Furthermore, the bent part between the plate-like main body 11a and
each of the side plates 11b is formed into a rounded shape having a
prescribed diameter.
[0030] Also, each of the ice making members 11 is configured by
stacking a metal plate 12a, an insulating layer 12b and first to
Nth heaters (heating means) H1 to HN composed of sheet metal in
layers so that the heaters H1 to HN form the ice making surface.
Each of the heaters H1 to HN is configured so that heat is
generated by applying current so as to melt the frozen surface with
the ice block M thereby dropping the ice block M due to its own
weight. It should be noted that, in the Example, a stainless
material (SUS304) having a thickness of 300 .mu.m is employed for
the metal plate 12a, a 25 .mu.m thick polyimide film having thermal
adhesiveness for the insulating layer 12b, and a 38 .mu.m thick
stainless material (SUS304) for the first to N the heaters H1 to
HN.
[0031] In this case, each of the ice making members 11, in a state
that the insulating layer 12b lies between the metal plate 12a and
the heaters H1 to HN formed into a flat plate-like shape, is formed
into a laminated body by bonding the metal plate 12a with the
insulating layer 12b, and the insulating layer 12b with each of the
heaters H1 to HN at high temperatures and pressures (for example,
at 4 MPa and 350.degree. C.) respectively. It should be noted that,
the pressure and temperature conditions employed when forming the
laminated body are selected depending on the employed insulating
layer 12b as appropriate. The laminated body is then formed by
bending so as to form the plate-like main body 11a and the left and
right side plates 11b, 11b, and subsequently, the evaporation pipe
14 is fixed to the back side of the plate-like main body 11a by
soldering.
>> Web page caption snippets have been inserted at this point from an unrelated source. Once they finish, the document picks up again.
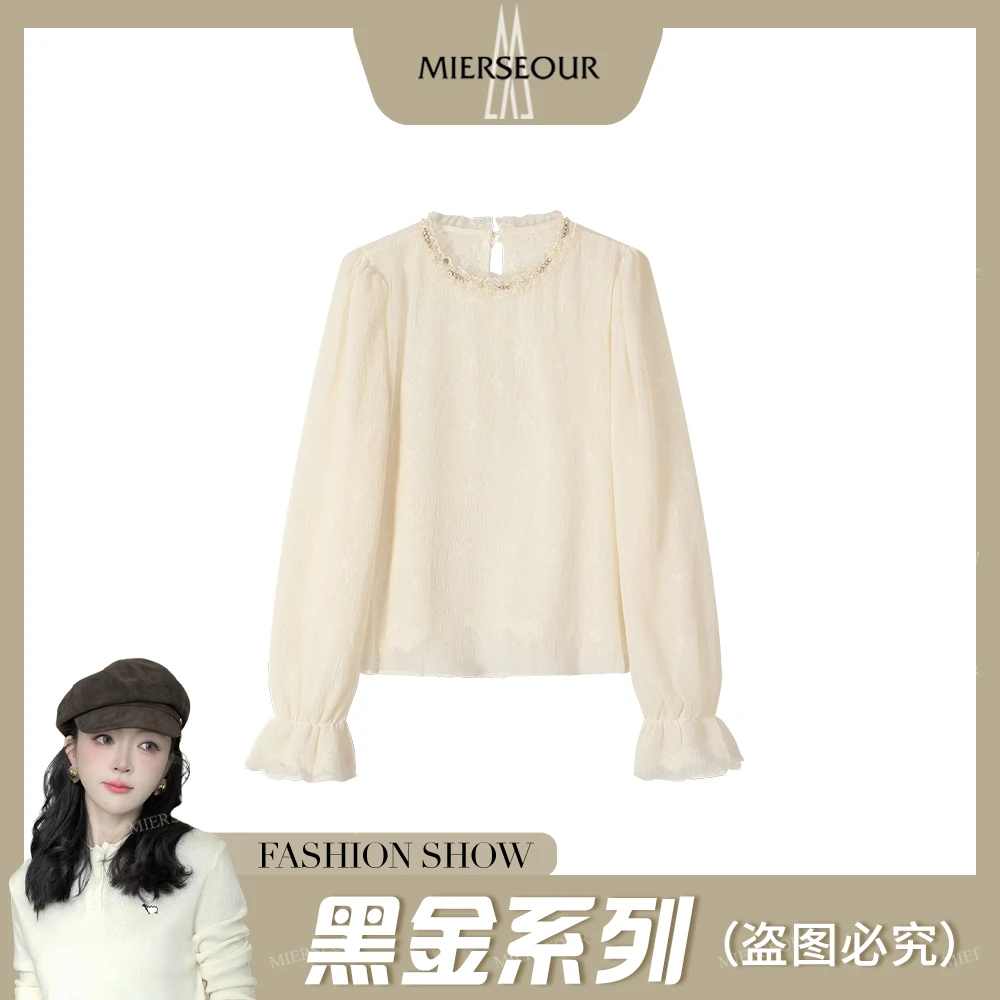 MIERSEOUR黑l金系列新款法式宫廷风喇叭袖钉珠上衣8685555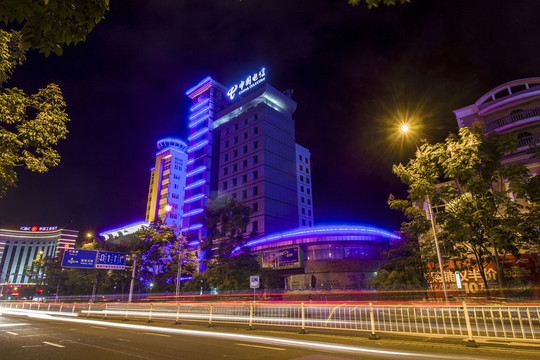 湖北省恩施市中國(guó)電信夜景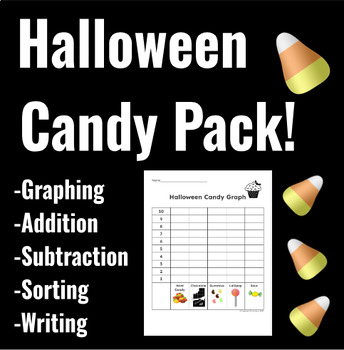 Preview of Halloween Candy Graphing, sorting, addition, subtraction, writing. Activity pack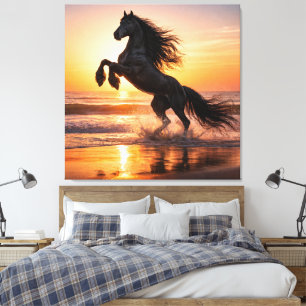 Lienzo Caballo Frisón Negro Majestuoso Puesta de Sol Océa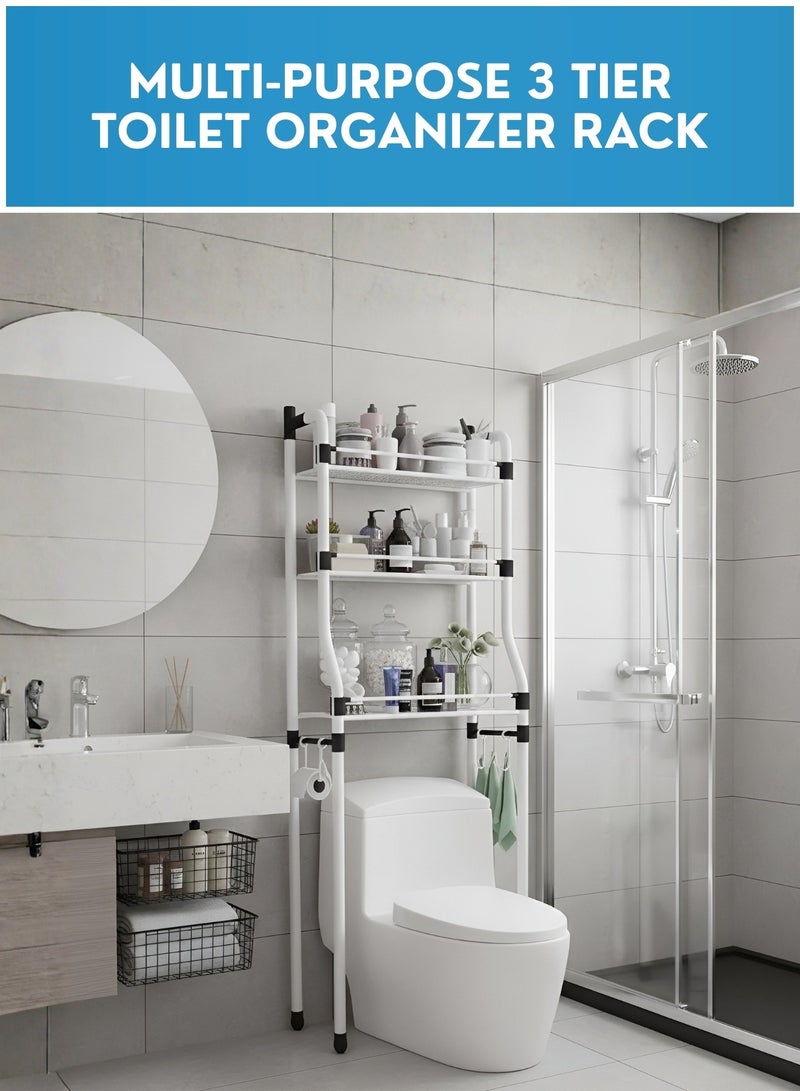 JUNI Over Toilet Storage Shelf, 3-Tier Metal Bathroom Space Saver & Bathroom Organizer with Toilet Paper Holder and 4 Hooks – Freestanding Over The Toilet Shelf for Small Bathrooms & WC - Image 3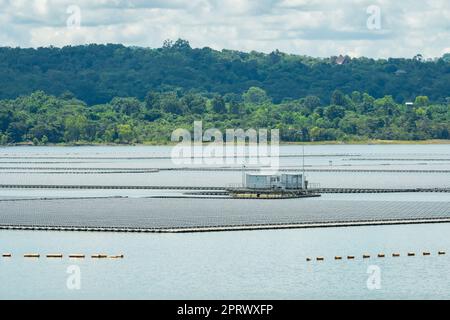 Floating solar farm or floating photovoltaics. Solar power. Landscape of solar panels floating on water in reservoir or lake. Solar technology. Alternative renewable energy. Sustainable resources. Stock Photo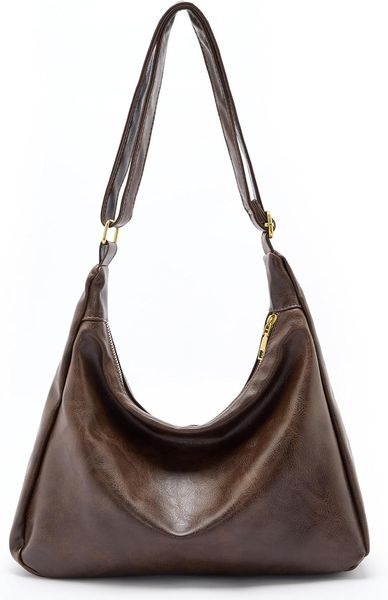 

Ultra Soft Foldable Vegan Leather Shoulder Handbag, Stylish Slouchy Tote Purses, Black
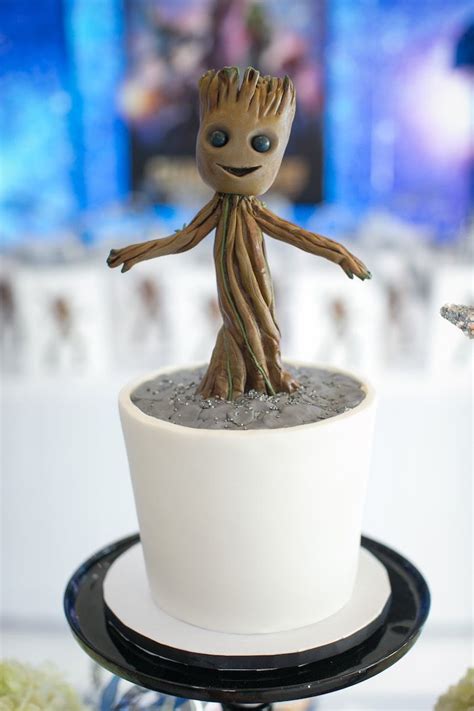 Groot Cake From A Guardians Of The Galaxy Birthday Party Marvel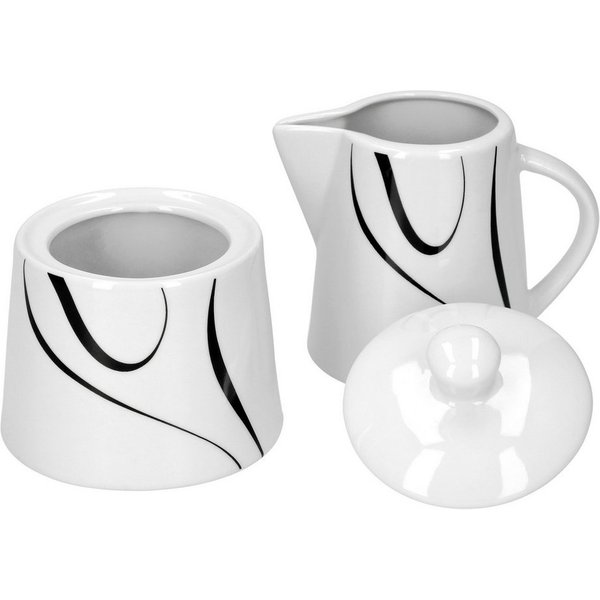 van Well Milch- und Zuckerset Kaffeeergänzungsset Milchkännchen & Zuckerdose Galaxy, Porzellan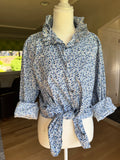 Sophia - Ben Sherman Men's Upcycled Ruffle Shirt - Blue Floral - size XL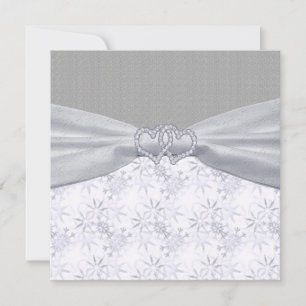Invitación Plata, Estrellas Blancas y Bodas de copas de nieve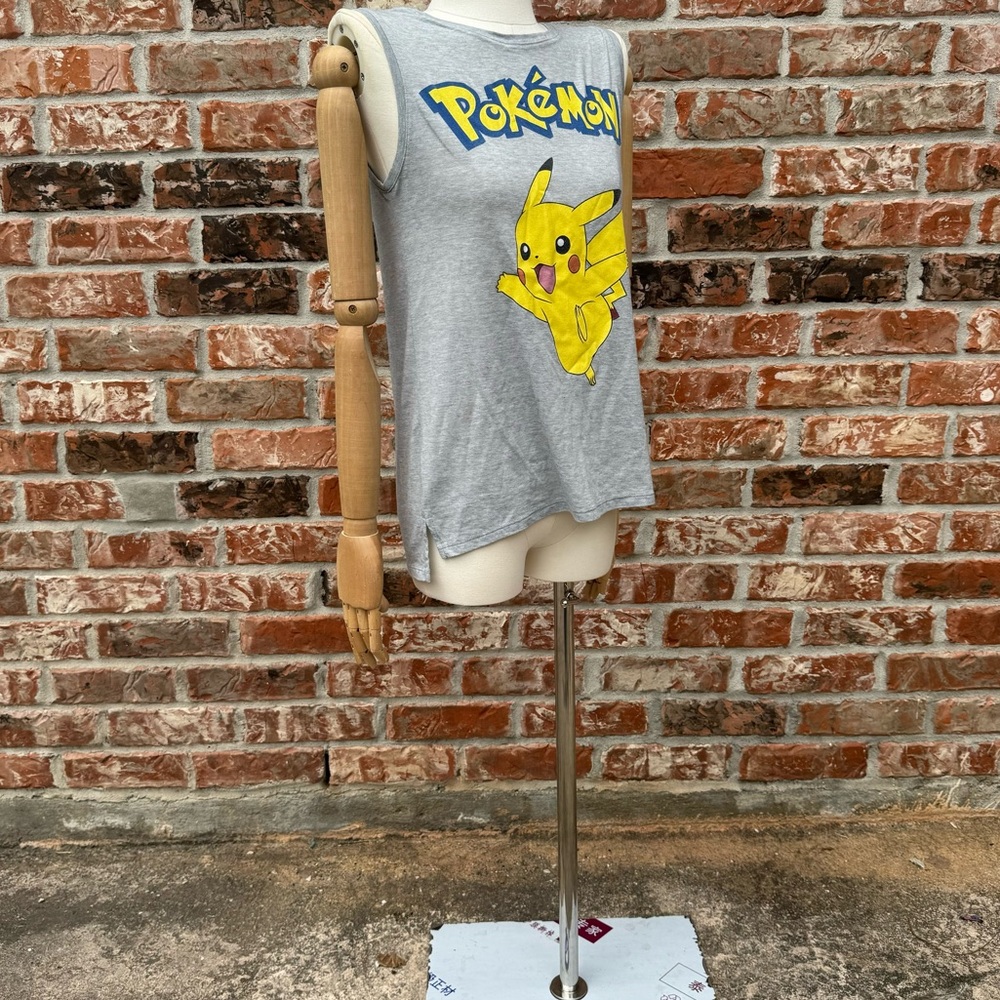Grey Pikachu Pokémon brand muscle tee / S / Excellent condition - Picture 8 of 11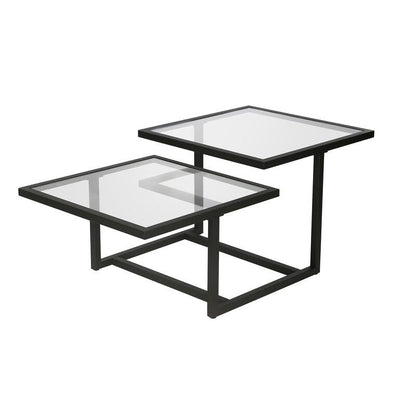 Mesa centro ALLEGRA doble altura de cristal y hierro – mesa de centro a medida madera | Look Vintage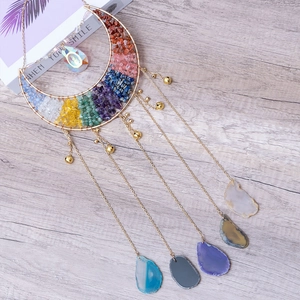 Moon-shaped Tree of Life pendant with colorful seven chakra natural crystals and bells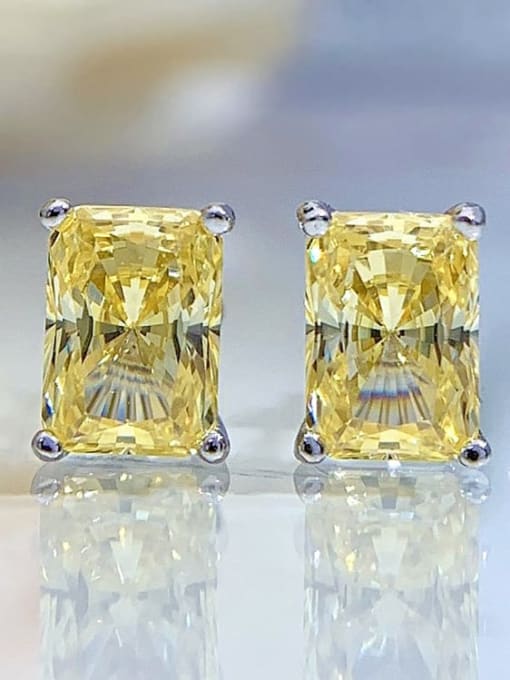 yellow 925 Sterling Silver High Carbon Diamond Geometric Luxury Stud Earring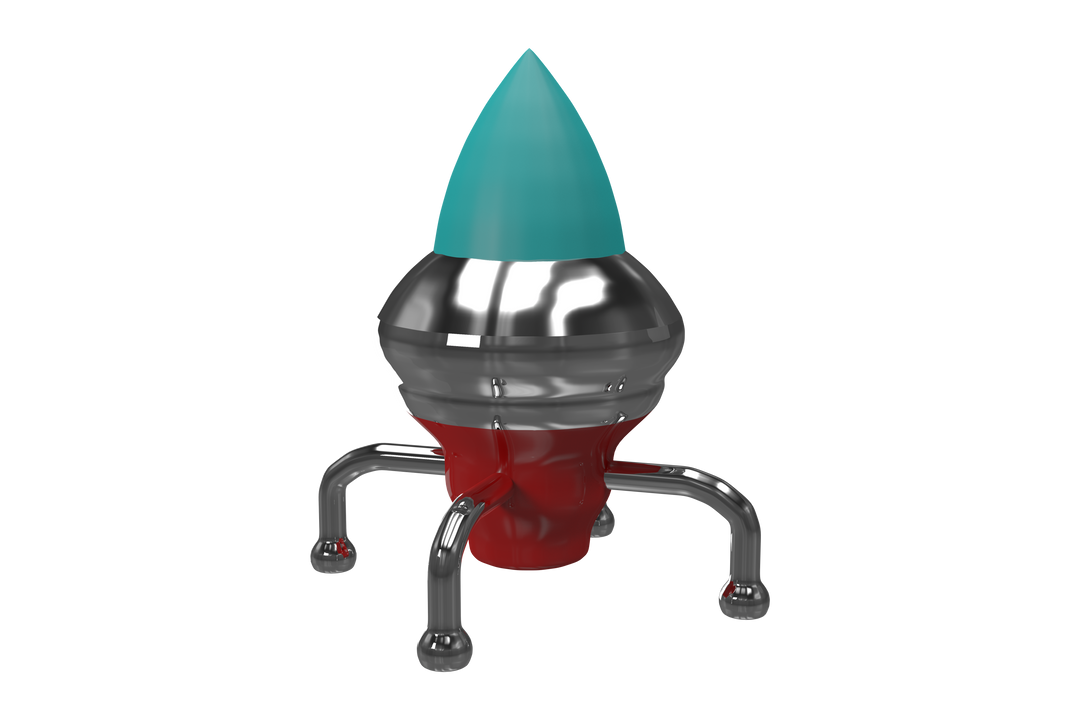 Transparent Spaceship Toy with Chrome Legs and Red Accents on White Background - Download Free Stock Images Pikwizard.com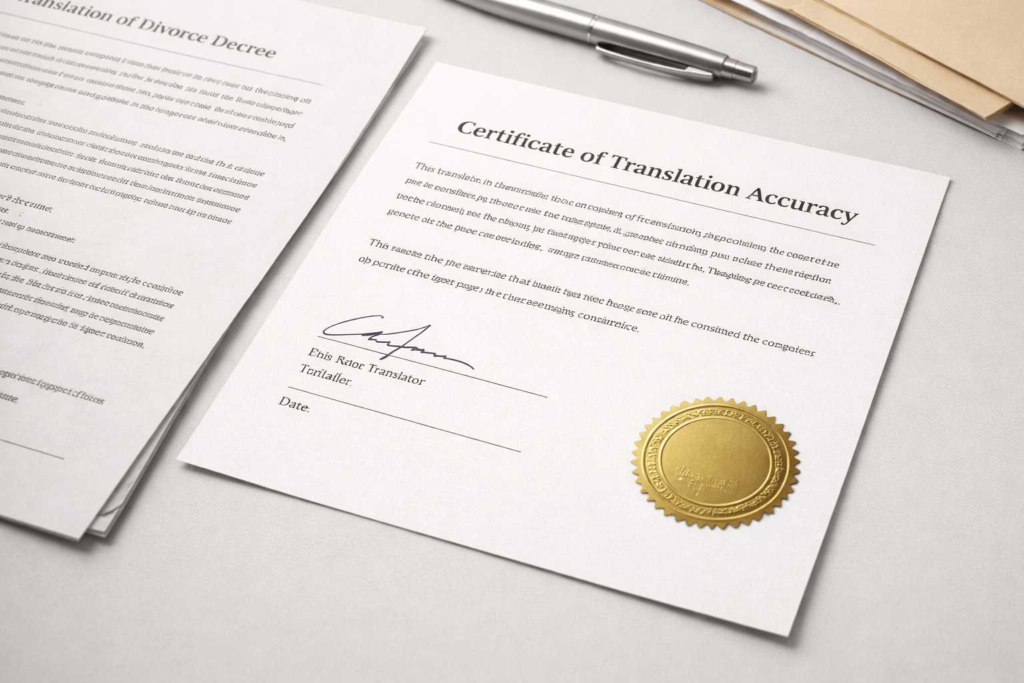 Signed translator certification attached to a divorce decree translation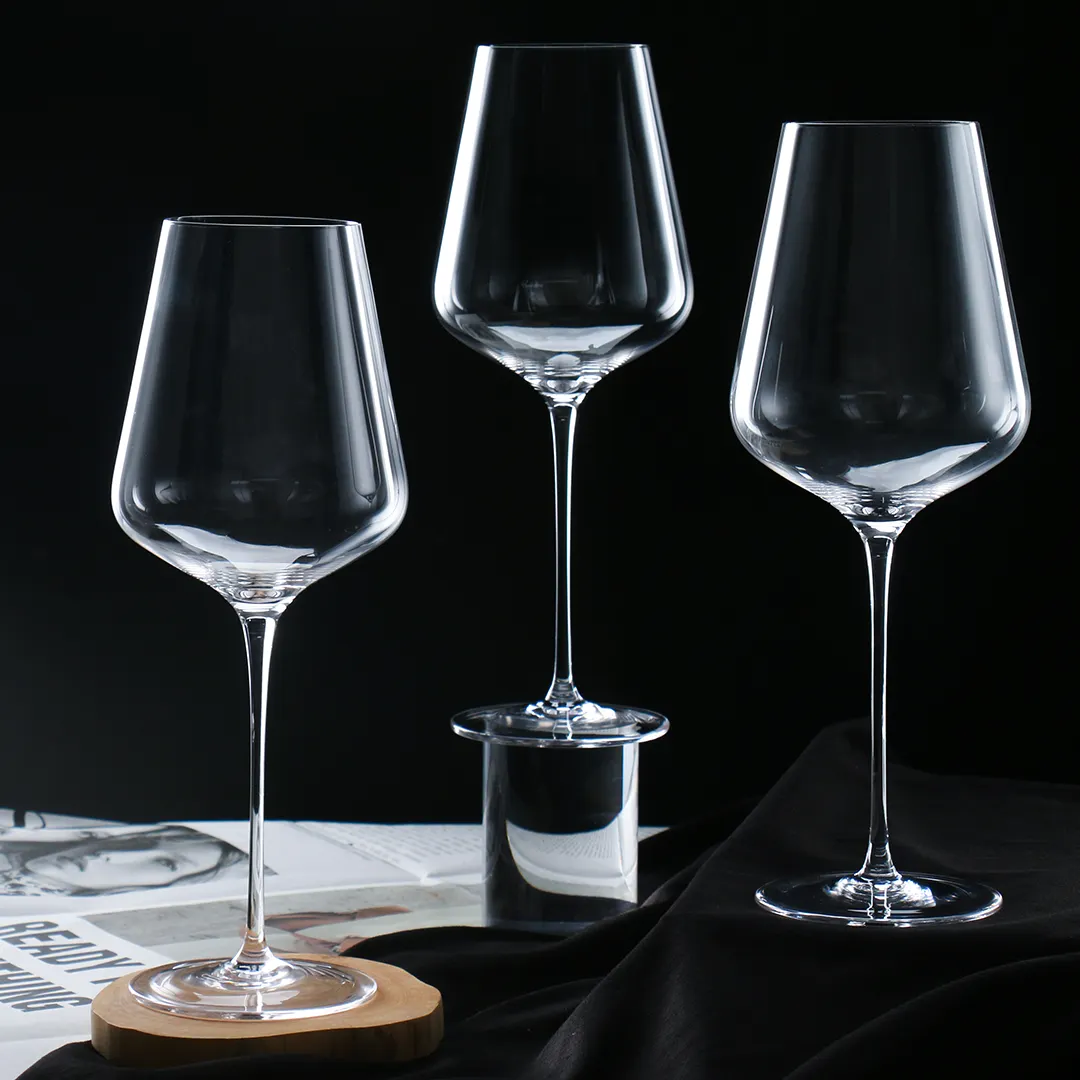 Premium Chumbo-Free Crystal Clear Glass Mão Estilo Soprado Cristal Borgonha Vinho Taças Para Vinho Tinto Branco High-end Banquete Party B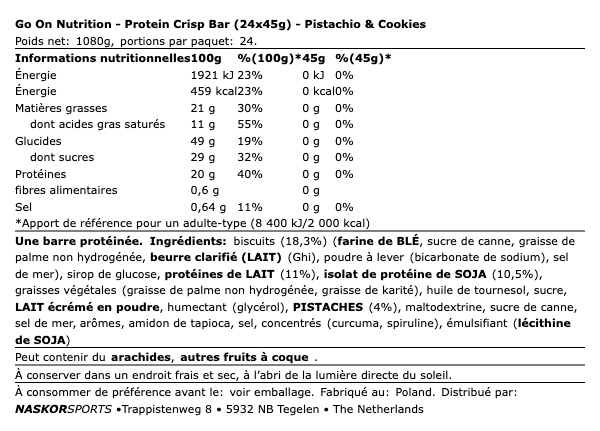 Barre Protéinée Crisp 45g - Go On| NutriHeroes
Specifically, as shown in FIG. 2 or FIG. 3, in the ice
making plate 10, each of the ice making members 11 is fixed to the
evaporation pipe 14 so that the metal plate 12a, the insulating
layer 12b and the heaters H1 to HN lie in this order from the
evaporation pipe 14. Therefore, during the ice making operation, an
ice block M is formed on the surface (ice making surface) of each
of the heaters H1 to HN. It should be noted that the heaters H1 to
HN have only to be formed in a minimal range required for forming
an ice block M. Also, for means for fixing the evaporation pipe 14
to the metal plate 12a, not being limited to the above-mentioned
soldering, the members 12a, 14 can be fixed to each other by
various fixing means heretofore known accompanied by heating such
as welding.
[0032] It should be noted that a material of the metal plate 12a or
the heaters H1 to HN is not limited to the stainless material, and
a metal such as copper, aluminum and iron, an alloy or the like can
be selected as appropriate. Also, for the insulating layer 12b, not
being limited to the above-mentioned polyimide film, a
nonconductive resin material can be employed as appropriate. In
this case, for the insulating layer 12b, a resin having thermal
adhesiveness capable of bonding with the metal plate 12a or the
heaters H1 to HN by thermocompression at high temperatures and
pressures; having thermal resistance which does not produce
degeneration at a temperature for fixing the evaporation pipe 14 to
the metal plate 12a (in the Example, at a temperature for soldering
the evaporation pipe 14, about 220.degree. C.); formed into a
film-like shape which does not interfere with the cooling of the
heaters H1 to HN during the ice making operation, can be employed
preferably. For example, for the insulating layer 12b, in addition
to the above-mentioned polyimide, polyamide-imide, polyetherimide,
polyethersulphone, fluorine resins and the like can be employed
preferably. It should be noted that, the allowable temperature
limit of the insulating layer 12b is preferably 230.degree. C. or
higher, and more preferably 250.degree. C. or higher.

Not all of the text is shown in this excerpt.